RECORDS FOR PROCESSING =>
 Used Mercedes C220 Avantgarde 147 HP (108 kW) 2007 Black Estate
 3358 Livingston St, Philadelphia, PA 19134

...

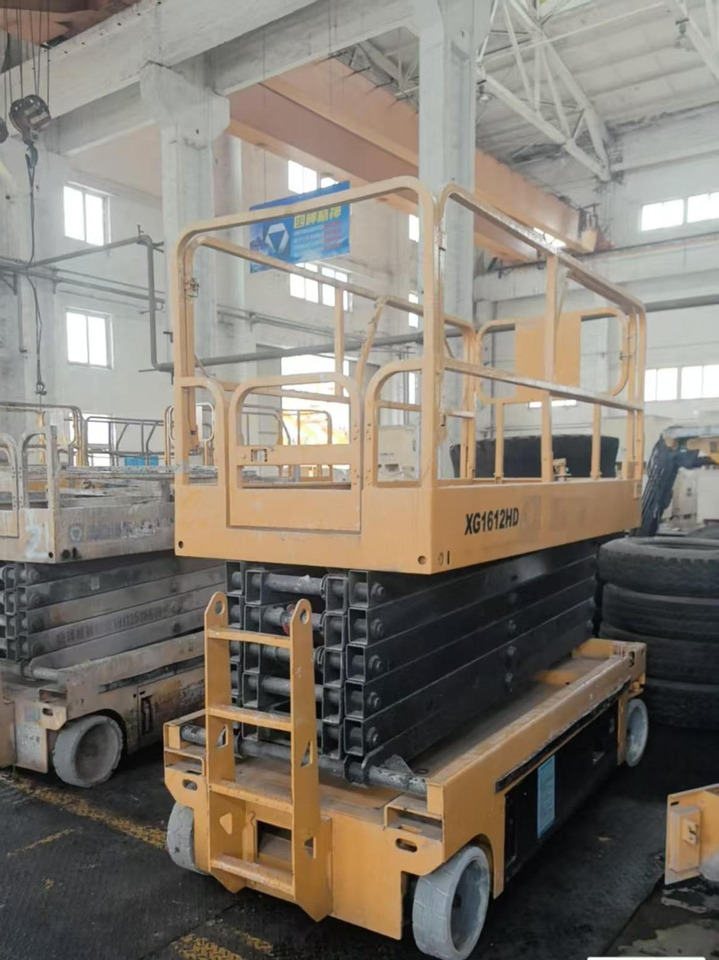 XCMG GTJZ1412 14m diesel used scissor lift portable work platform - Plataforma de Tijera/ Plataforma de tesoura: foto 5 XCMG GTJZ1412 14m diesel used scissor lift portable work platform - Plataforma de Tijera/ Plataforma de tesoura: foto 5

PROBLEM REQUIREMENTS => Please return the lines above that run from the line containing "Used Mercedes C220" to the line containing "3358 Livingston St, Philadelphia, PA 19134", inclusive, exactly and with no other lines.

SOLUTION FOR THIS EXERCISE =>
 Used Mercedes C220 Avantgarde 147 HP (108 kW) 2007 Black Estate
 3358 Livingston St, Philadelphia, PA 19134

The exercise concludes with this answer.